I don’t quite understand what you’re trying to convey with your example in regards to FP.

First of all, both data and functions are first class concepts in the functional paradigm and are not glued together as classes. So you’re not modeling your domain as „account service“ and „customer service“, but rather have data representation of these concepts and functions that query/reduce etc on those. In your example that would be a relational model, described as sets of tuples/maps, and relational functions do derive new data. There is no need for circular dependence, because your operations are generic over relational data.

I agree with the notion that the purely functional approach doesn’t dominate, for good reason. But more and more languages are incorporating FP concepts since about a decade or longer, at least the basic building blocks like closures, immutability and function composition have gained massive traction and eliminate the need for many of the complex patterns in traditional, class based OO.


I actually don't follow your example; I don't see why this is cyclic. In your example what exactly would CustomerService be responsible for that prevents it from functioning unless it has a reference to AccountService? AccountService is pretty obvious (add/remove money, link other accounts, close account, etc.) but I'm struggling to see what CustomerService would do on a per-customer basis that it would need a reference to AccountService for. The only thing I can imagine is a get/add/remove accounts operation, but (a) you need nothing but an account ID for that (not the actual AccountService class) and the caller can look up the actual accounts using the IDs if they want, and (b) you can (and I think perhaps should?) model this as a database table managed by the Account class where you're associating customer IDs with account IDs.
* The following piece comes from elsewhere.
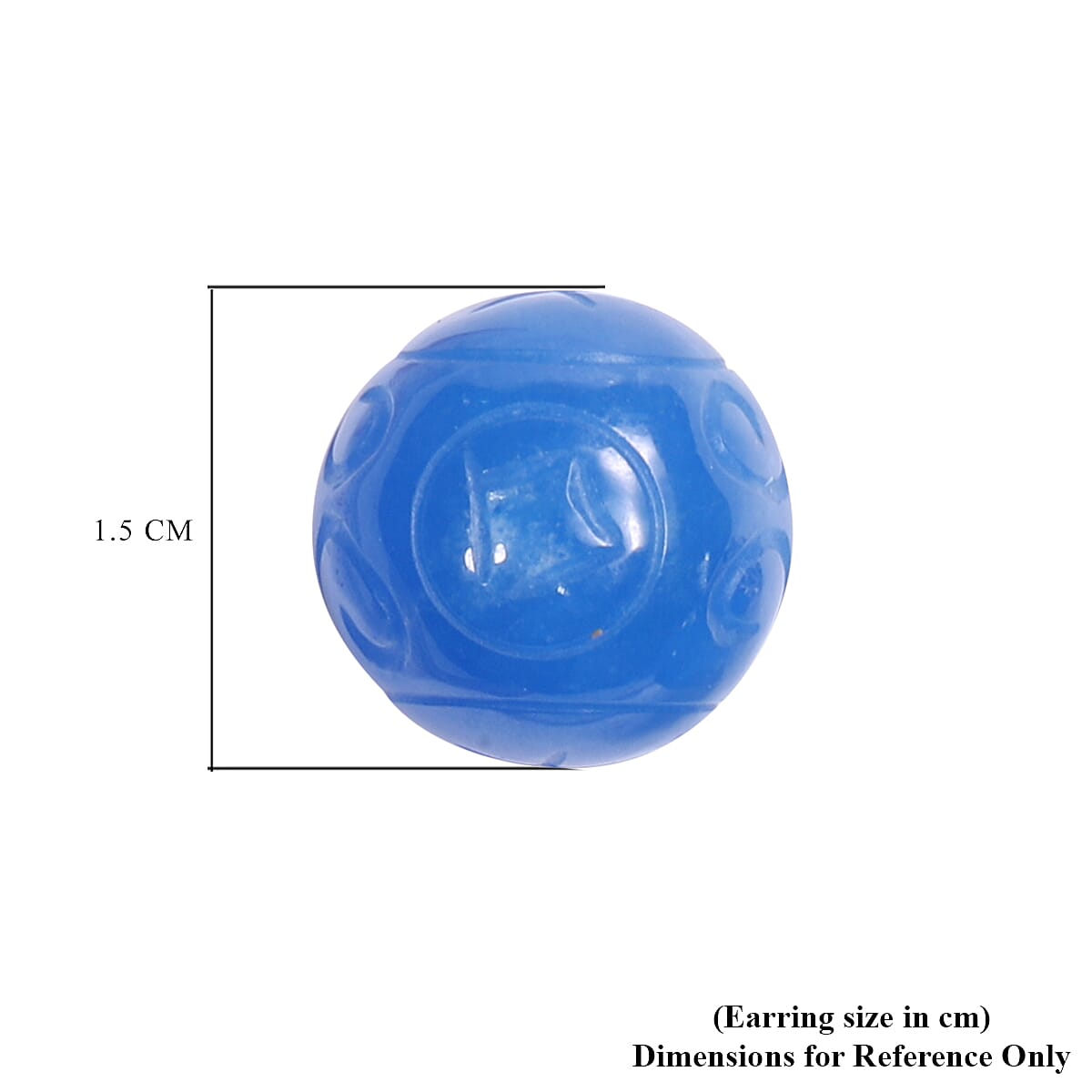 Carved Blue Jade Stud Earrings (with Push Back) in Sterling Silver 8.00 Ct,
Another way to think about this is, how would you do this in C++? You have header files, and they shouldn't be cyclic. Who #includes who? Well in this case it seems to me AccountService.hpp should #include CustomerService.hpp, but not the reverse. Maybe CustomerService.hpp would #include AccountID.hpp? Whatever I imagine I just don't see why you'd need cyclic #includes.
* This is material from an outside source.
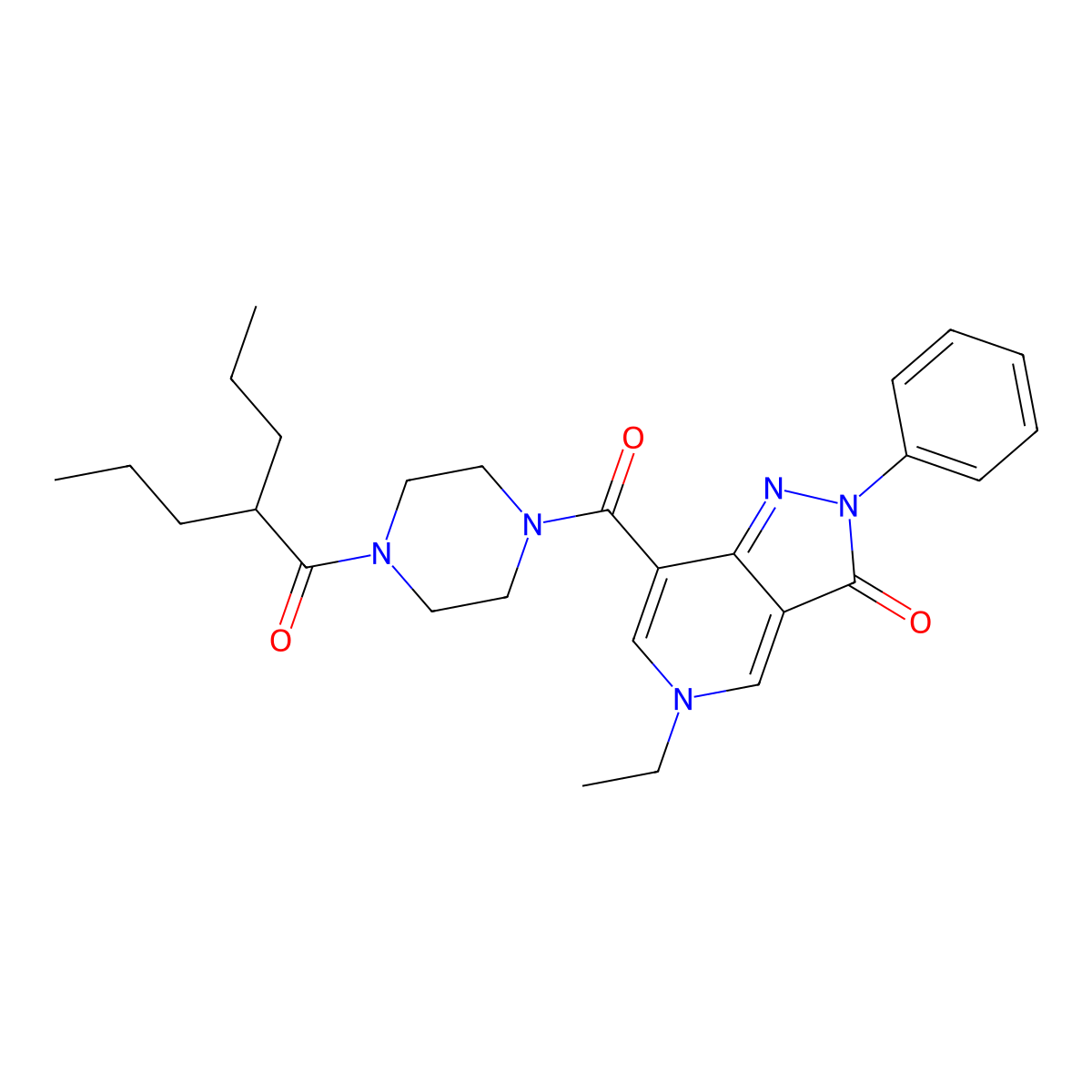 5-ethyl-2-phenyl-7-(4-(2-propylpentanoyl)piperazine-1-carbonyl)-2H-pyrazolo[4,3-c]pyridin-3(5H)-one molecular structure, CAS 1040673-39-9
One can have Customer in one header file, possibly forward declaring Account. Account in another header file possibly forward declaring Customer. Definitions in the two cpps which can include both header files. When writing such a thing one should ask oneself whether one really needs to do it that way, though. Not that it is too much of a mess but asking such question is always good.


Funny that we both think in C++. It was what popped into my head too.
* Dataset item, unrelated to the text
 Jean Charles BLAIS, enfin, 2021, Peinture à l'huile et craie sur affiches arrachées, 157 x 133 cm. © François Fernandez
AccountMgr has many Account(s). Ditto for CustomerMgr. Interact with both to taste.


In a relational database you would have a CustomerAccount table keeping track of which accounts that belongs to which customers. Customer would not know about Account, and vice versa.

And what has reflection to do with this?


Reflection allows you to put the interfaces to Account and Customer into a shared module and the business logic implementations into their own mutually independent modules, thus removing the cyclic compile time dependency.

You "wire up" the implementations at runtime, using reflection.


I still don't get it. I put the interface into a shared module and the implementations in independent modules without reflection. Why exactly would we need reflection to do that?


If I may, that sounds horrifying. Please, for the sake of my sanity and the IDE, always do things at compile time rather than runtime if you can!


It's called the "dependency inversion principle". People don't like to call it "reflection", and heap various layers like XML or dependency injection annotions on it, but technically, it comes down to reflection at runtime, as far as I've seen.

It certainly has its cost in additional complexity through indirection, but it's better than creating cyclic dependencies or giant balls of mud.

https://en.m.wikipedia.org/wiki/Dependency_inversion_princip...


No, you don’t need reflection or annotations to use dependency inversion. Why do you think so?


The question was "what has reflection got to do with it". I've used reflection for dependency inversion, so I think that's what it's got to do with it.

If you can do dependency inversion without reflection, more power to you :-) We can't do classpath scanning in the project I'm working on because of the size of the classpath, and compile time configuration using direct imports would introduce cycles, so reflection it is for us, in one form or another.


void createAccount(ICustomer c) { ... } // No dependency to concrete Customer

class Customer implements ICustomer { ... } // Customer Class can be created after Account above

createAccount(new Customer()) // Use of both, with dependency injection

Scanning for classes dynamically using reflection has nothing to do with above. And you certainly don't need any xml or framework to do it either.


If the code is implementing against interfaces, why would late binding mess up your IDE experience at all?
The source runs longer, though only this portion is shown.